The Woman Hurdle for Warren

 

Earl Ofari Hutchinson

If Democratic presidential contender Elizabeth Warren bags the Democratic presidential nomination, there are two certainties. One is that the overwhelming majority of Democratic women voters will vote for her. The other is that a lot of other women won’t. This is one hurdle facing Warren. She’ll need to have as many women as possible backing her in the five states that will decide the White House to win. Trump’s coup in snagging tens of thousands of women voters in the 2016 presidential election made the difference in his win against a woman, Hillary Clinton. While Democratic women voted loyally for Clinton, they voted for her because she was a Democrat. It was a case of party loyalty first. They would have voted for whomever the Democratic candidate had been.

Early polls and surveys show that not much has changed. Many of the same women who backed in 2016 will do it again. They’ll do it in part out of party loyalty, and in part out of the old notion still deeply ingrained in many women that the Oval Office is a man’s office. The idea is that the president must be tough, aggressive, and decisive, and that takes man. Yes, as repeatedly said hundreds of women have won seats in Congress and in legions of local elections over men. And yes, at that level it’s the long needed and awaited sea change in how many women see women candidates in head to head challenges versus men candidates.
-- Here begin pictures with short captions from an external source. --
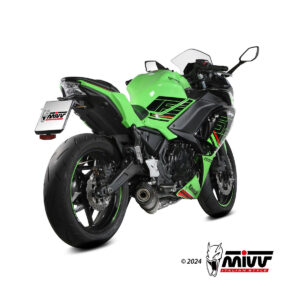 Mivv Full system 2x1 Oval carbono con tapa carbono Kawasaki Ninja 650 / Z650 24-25 (2 sondas lambda)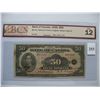 Image 1 : 1935  $50.00 Bill  Osborne/Towers  BCS Graded  Very Rare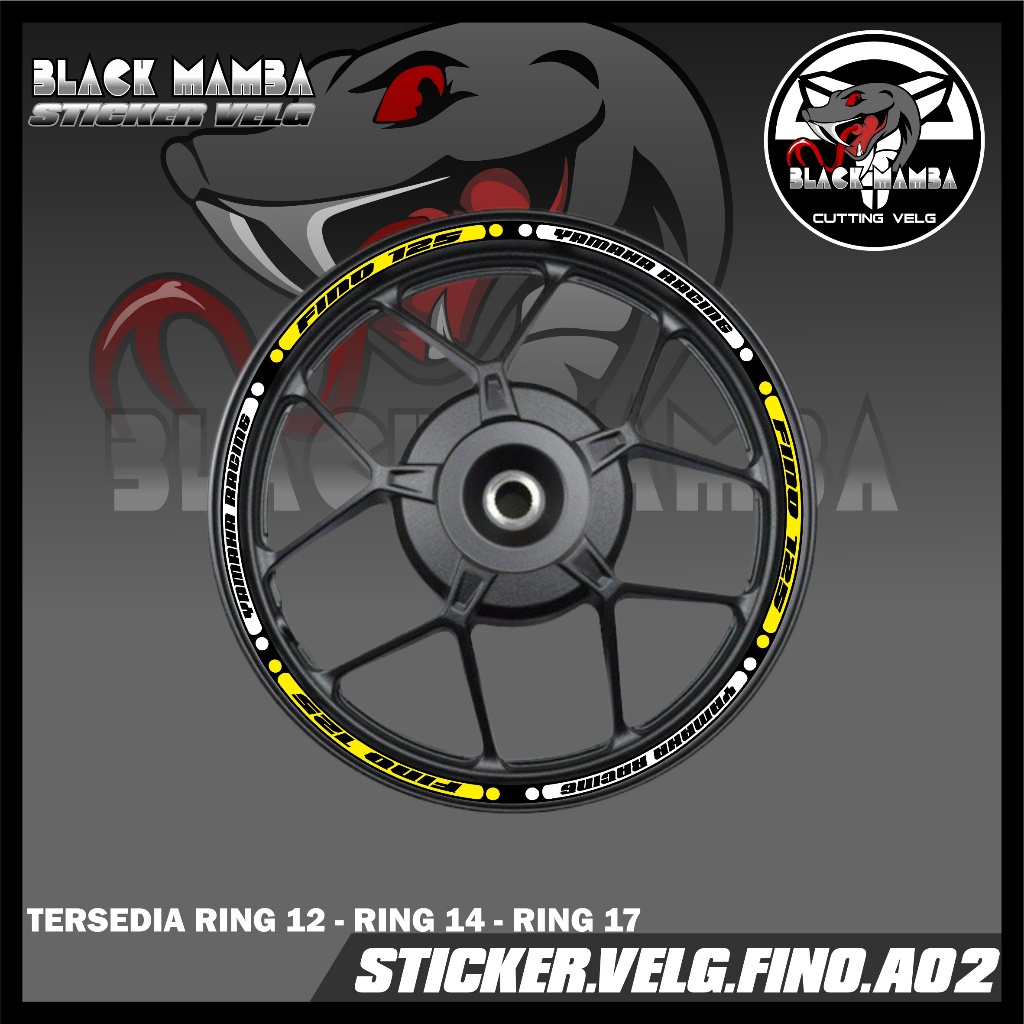 STICKER VELG FINO- STIKER LIS LIST VARIASI BAN/VELG YAMAHA FINO A02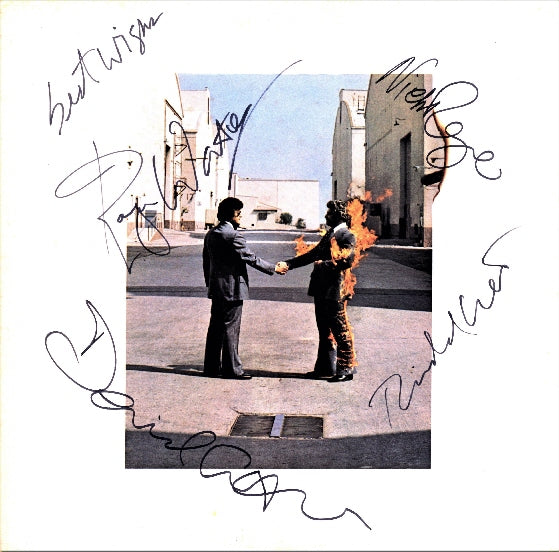 Pink Floyd Autographed LP - Zion Graphic Collectibles
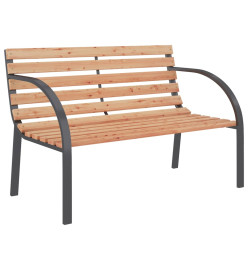 Banc de jardin 120 cm Bois et fer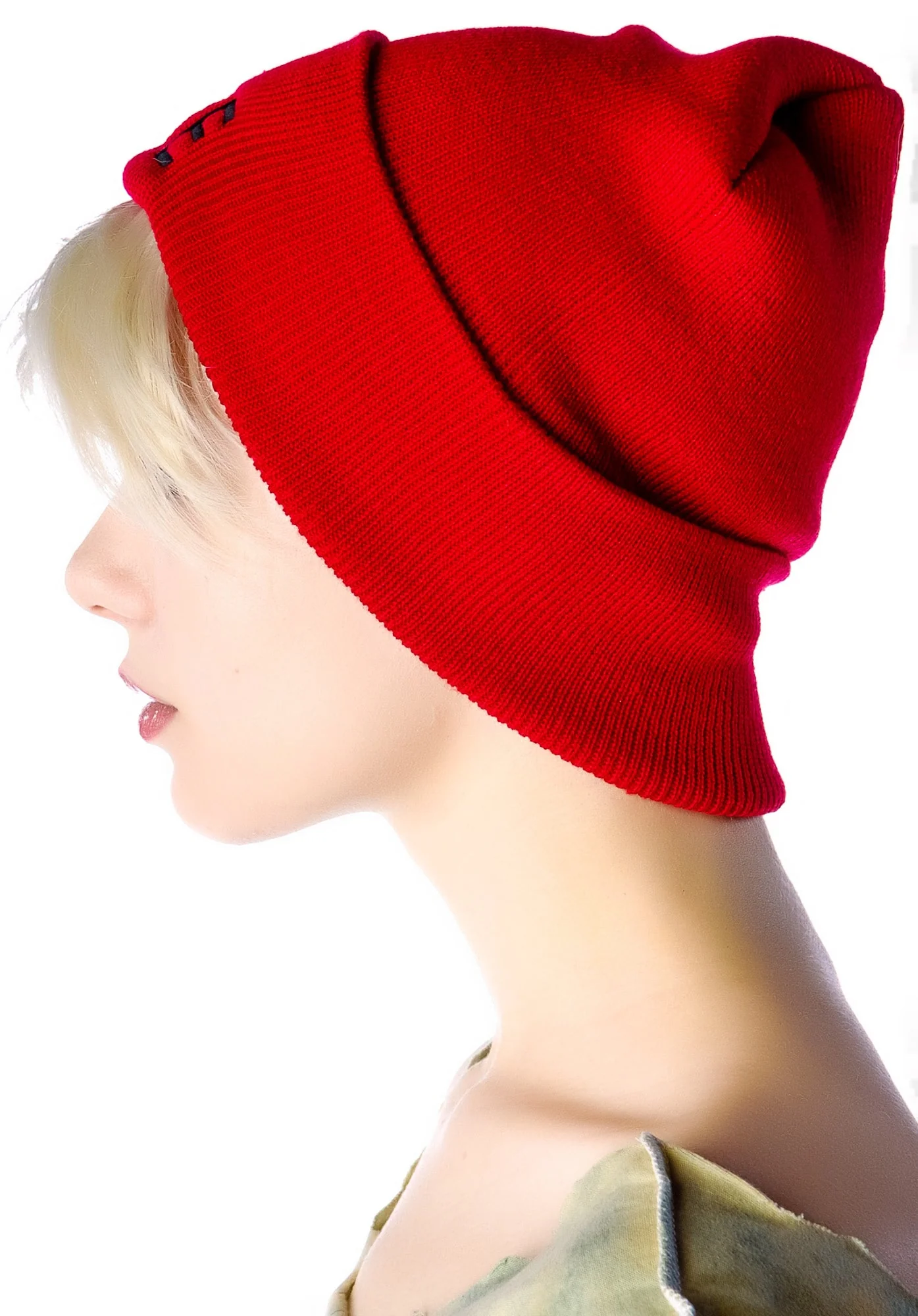 F'in Fake Beanie - Red - Image 4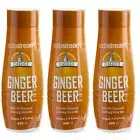 3x SodaStream Classics Ginger Beer 440ml/Sparkling Soda Water Syrup Drink Mix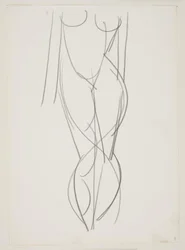 Standing Naked Woman Seen from the Front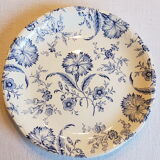 Suite of 6 small plates in faience of Gien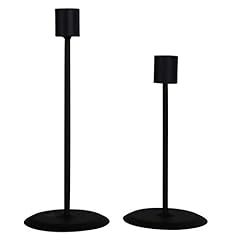Black metal candlesticks for sale  Delivered anywhere in USA 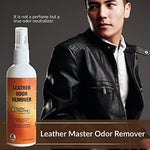 Applying Leather Master odor remover to a leather handbag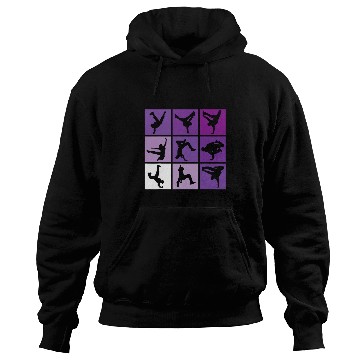 Discover Hip Hop Break Dance Poses Retro Hoodies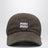Washed denim baseball cap in dark brown and blue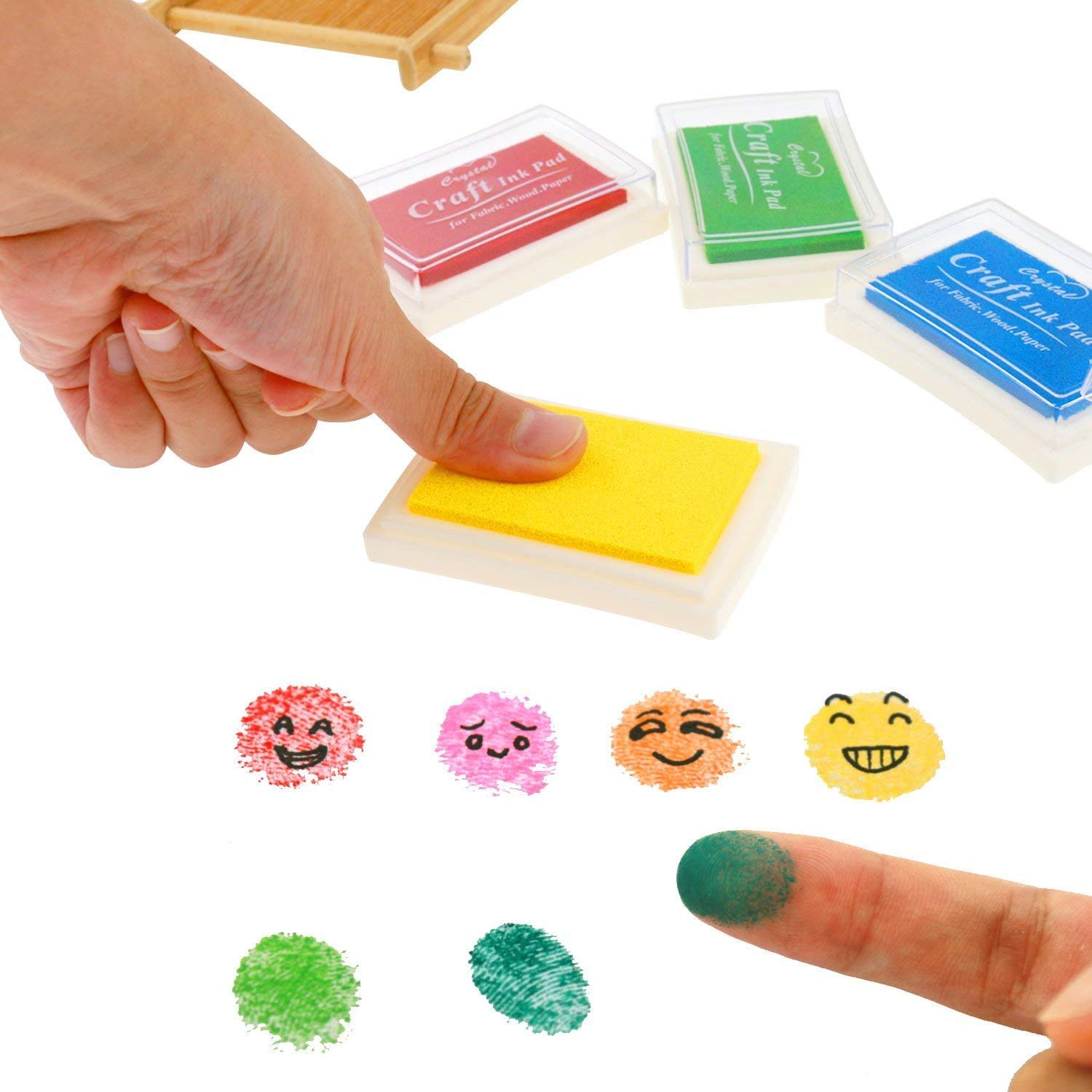 Pekkaxy Alohadilla De Tinta Para Huellas Dactilares, 1 Paquete De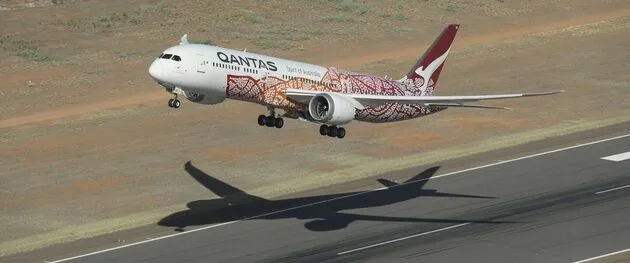Qantas verkocht vluchten naar nergens.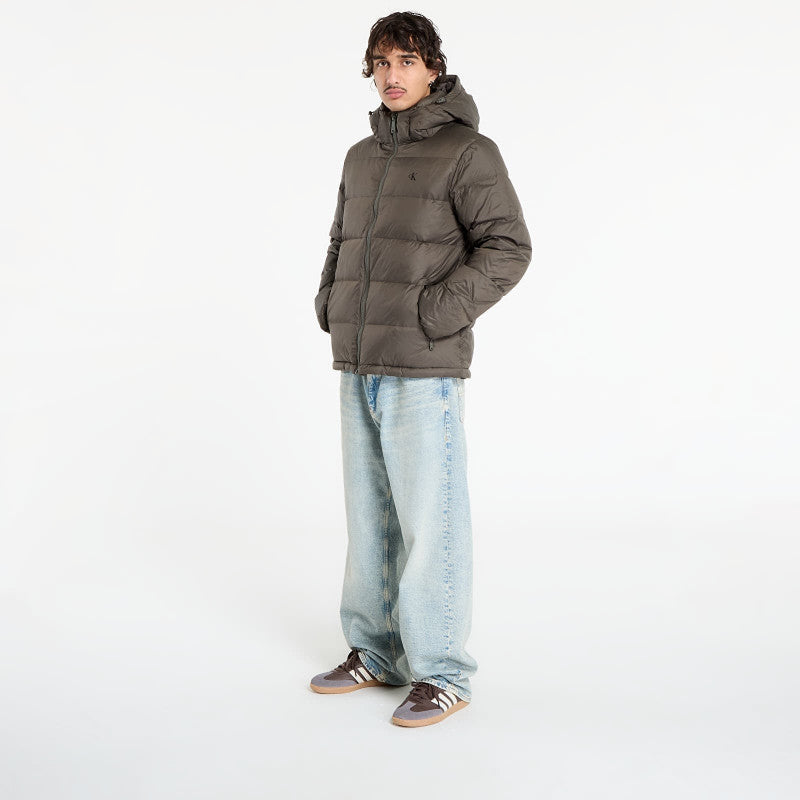 puchowa Calvin Klein Jeans Ls Nylon Zip Off Hooded Jacket Grey
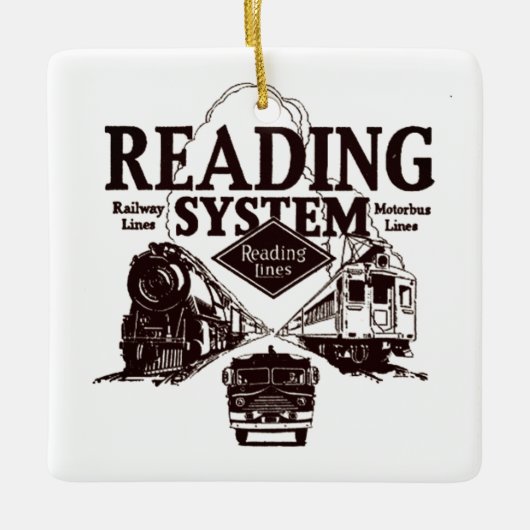 Reading Railroad Kerstversier Keramisch Ornament (Voorkant)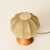 Beige Mid-Century Cocoon Table Lamp with Wood Base by Achille Castiglioni for Flos, Italy, 1960s For Sale - Image 8 of 15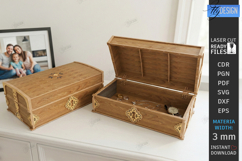 Retro Treasure Chest Laser Cut Bundle | 5 Vintage Boxes SVG Product Image 12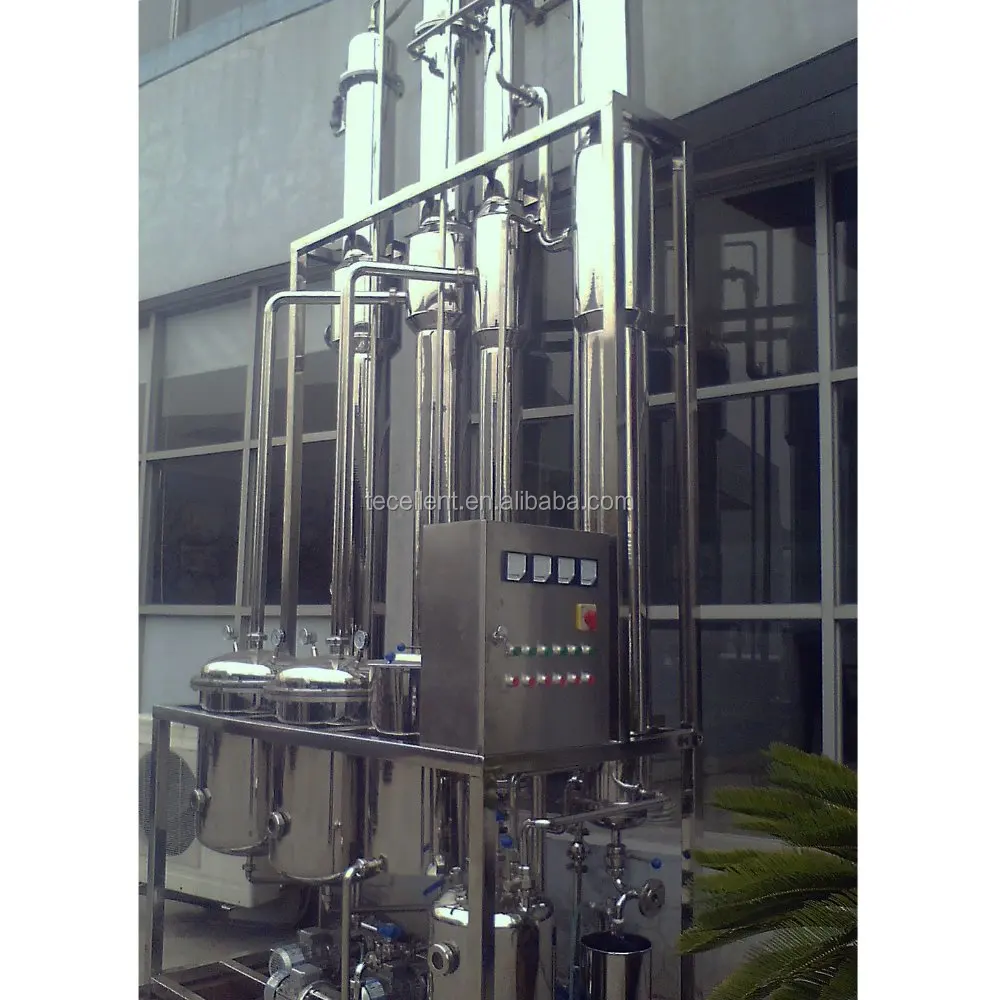 
Pilot Scale Full Automatic Vacuum Double effect Falling Film Evaporator 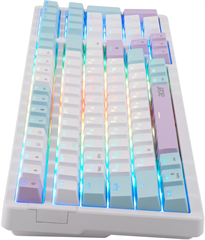 Клавиатура Acer OKW304 механическая белый USB Multimedia for gamer LED (ZL.KBDCC.01V) ZL.KBDCC.01V
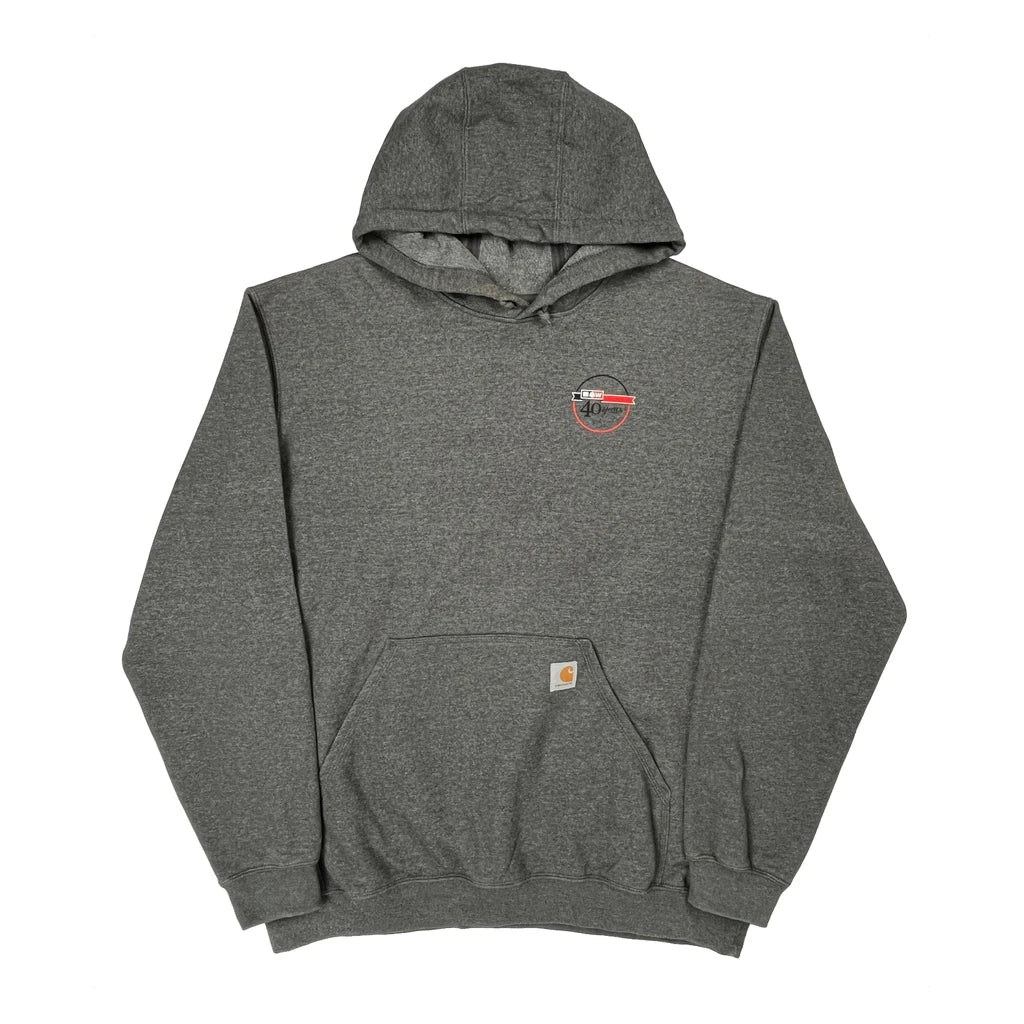 40 Years Anniversary Carhartt Hoodie - XL Gray Cotton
But there are thousands and Congressional and state offices but only one president. This is where the old thinking still rears up about the presidential office being a man’s office. In one poll nearly 70 percent of men and women were lukewarm at best in answering the question whether they thought women were “respected” in politics. One out of four respondents flatly said that there would never be a woman president, and the most optimistic thought it would take at least another five years before that happened.

Trump exploited that sentiment to the hilt. He may be the biggest sexist, misogynist, female abuser that ever sat in the White House. But he’s still seen as brash, tough, and outspoken. For many women, that seems to mark him as having the right stuff to be President. Warren will have to find a way to crack this deep engrained gender silliness.

There’s another hurdle. That’s the women who ultimately voted for Trump. Nearly half of the women who backed him didn’t fit the small town, small mind branding. They were college educated, middle class women who lived in the suburbs. They not only didn’t like Hillary, but also didn’t like the idea of a woman sitting in the Oval Office. The brutal reality is that Clinton turned off many women in the must win states not because she was a woman. They bought the hit attack lines from Trump and the GOP that she was aloof, corrupt, untrustworthy, and practically one step away from an indictment. One media investigative team even compiled hundreds of the most outrageous digs about Clinton from the 2008 campaign from assorted commentators, male and female. As Trump pathetically showed, not much changed eight years after that.

Warren has laid out policy position after policy position on education, health care, taxing the wealthy, wealth inequality, climate control and much more. They’re all jampacked with details on how to implement the sweeping political and economic changes she envisions for the country. This should be enough to take off the table any notion that she is not a presidential candidate with a plan no matter whether one agrees or not with some or all of that plan. But will it? For the conservative women who backed Trump in 2016 it won’t. The test is whether there are enough other women who aren’t conservative or Democratic voters who see Warren and her program as one that they can back even though it comes from a woman.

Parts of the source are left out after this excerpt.